Cluster munitions can be fired from the ground by artillery, rockets, and mortars, or dropped by aircraft. They typically open in the air, dispersing multiple bomblets or submunitions over a wide area, putting anyone in the area at the time of the attack, whether combatants or civilians, at risk of death or injury. In addition, many of the submunitions do not explode on contact, but remain armed, becoming de facto landmines. Locations contaminated by unexploded submunitions remain dangerous until the remnants are cleared and destroyed.
Human Rights Watch did research about the intense fighting between Armenia and Azerbaijan over Nagorno-Karabakh from September 27 until a ceasefire on November 11. In Nagorno-Karabakh, Human Rights Watch documented Azerbaijan’s use of cluster munitions in four attacks: three in Stepanakert and one in Hadrut.
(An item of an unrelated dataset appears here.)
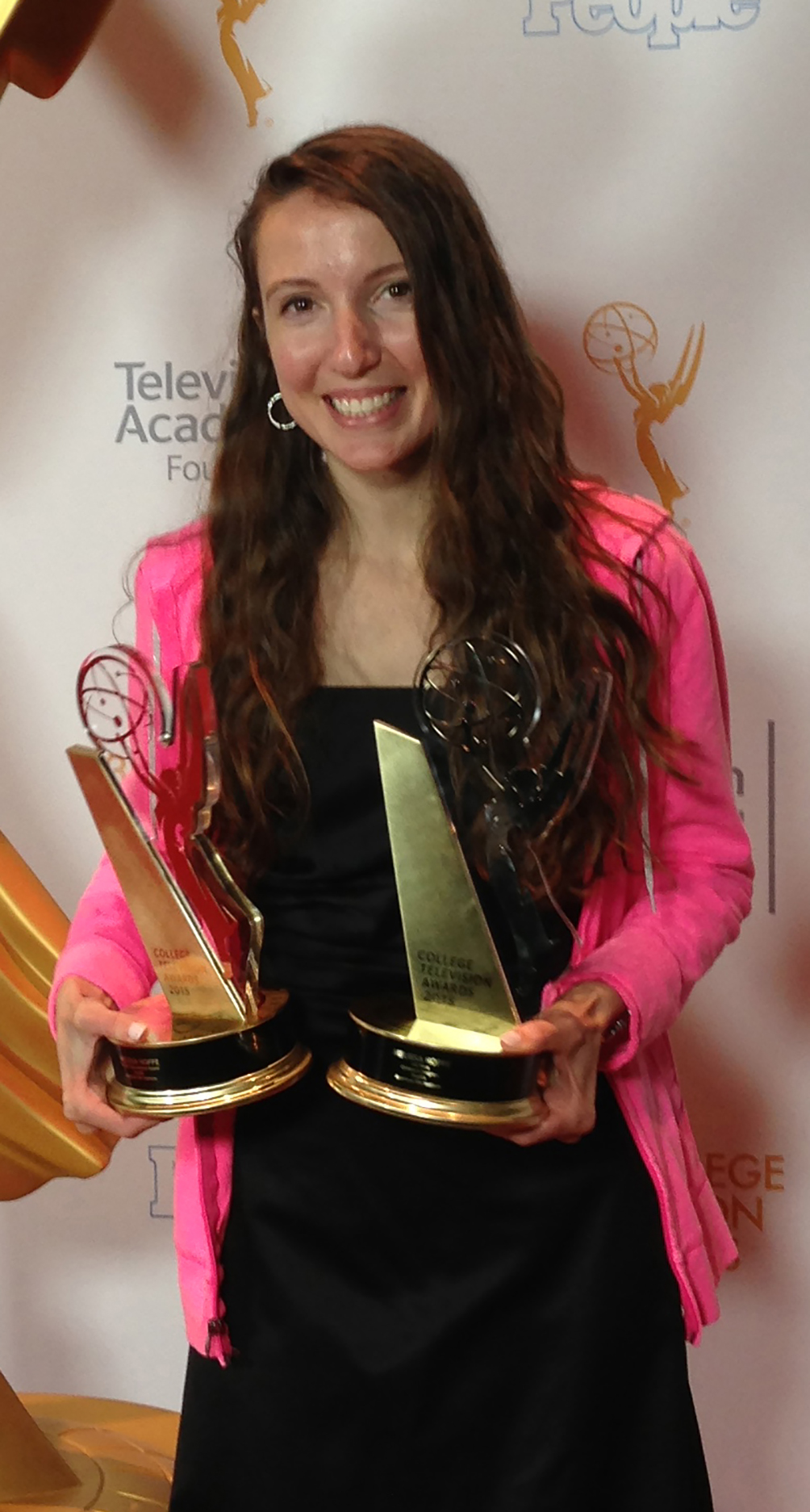 Melissa took home two Emmys from the College Television Awards ceremony in Los Angeles on April 23, 2015.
Human Rights Watch also documented a cluster munition attack on the city of Barda in Azerbaijan that killed 21 civilians and wounded 70 in October.
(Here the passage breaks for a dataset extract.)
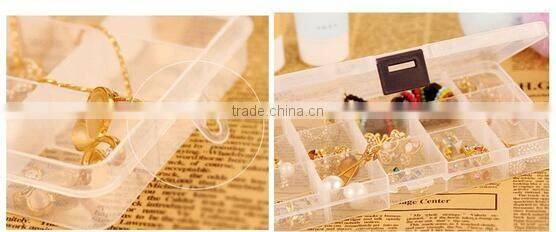 Cheap oem plastic 10 compartment jewelry storage box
During a research trip in Azerbaijan in the first half of November, Human Rights Watch documented four attacks with cluster munitions by Armenian forces, including one in Barda district, two in Goranboy district, and one in Tartar district. While Human Rights Watch was not in a position to determine the presence or proximity of military personnel, equipment, or vehicles at the impact sites at the time of the attacks, the inherently indiscriminate nature of cluster munitions makes their use a violation of the laws of war, irrespective of whether there were legitimate military targets in the areas.
Witnesses said that an attack by Armenian forces between 4 p.m. and 5 p.m. on October 5 in Gizilhajili, a small village in Goranboy district roughly 30 kilometres from the then-front line, killed Raziya Abbasova, 65, wounded three of her neighbours, including one child, and set fire to the nearby house of Gulnara Huseynova, 46. The Azerbaijani National Agency for Mine Action (ANAMA) identified the munition used as a Smerch rocket. Residents said they counted at least six explosions. Human Rights Watch visited the area on November 9 and identified four impact sites and observed fragmentation damage consistent with a Smerch cluster munition rocket attack.
Human Rights Watch observed seven small craters in the field consistent with the impacts of cluster submunitions. The village of 290 families, most with small farms, had not been attacked before or after October 27. Human Rights Watch did not observe any military installation or military transportation movement in the vicinity at the time of the visit, and residents said they were not aware of any military targets in the area at the time of the attack.
In a meeting with Human Rights Watch on November 27 in Yerevan, a Foreign Affairs Ministry representative denied that Armenia possesses any cluster munitions in its arsenal.
Standard international reference publications, including the authoritative annual Military Balance 2020 by the International Institute for Strategic Studies, state that Armenia has Tockhka and Iskander ballistic missiles and Smerch and Chinese-made WM-80 multi-barrel rocket launchers, all of which can deliver cluster munition warheads. As far as Human Rights Watch is aware, Nagorno-Karabakh forces do not possess cluster munitions, and it is, therefore, likely that Armenian forces carried out the attacks or supplied the munitions to Nagorno-Karabakh forces.
As prohibited weapons, cluster munitions should not be used or supplied by anyone under any circumstances, Human Rights Watch said.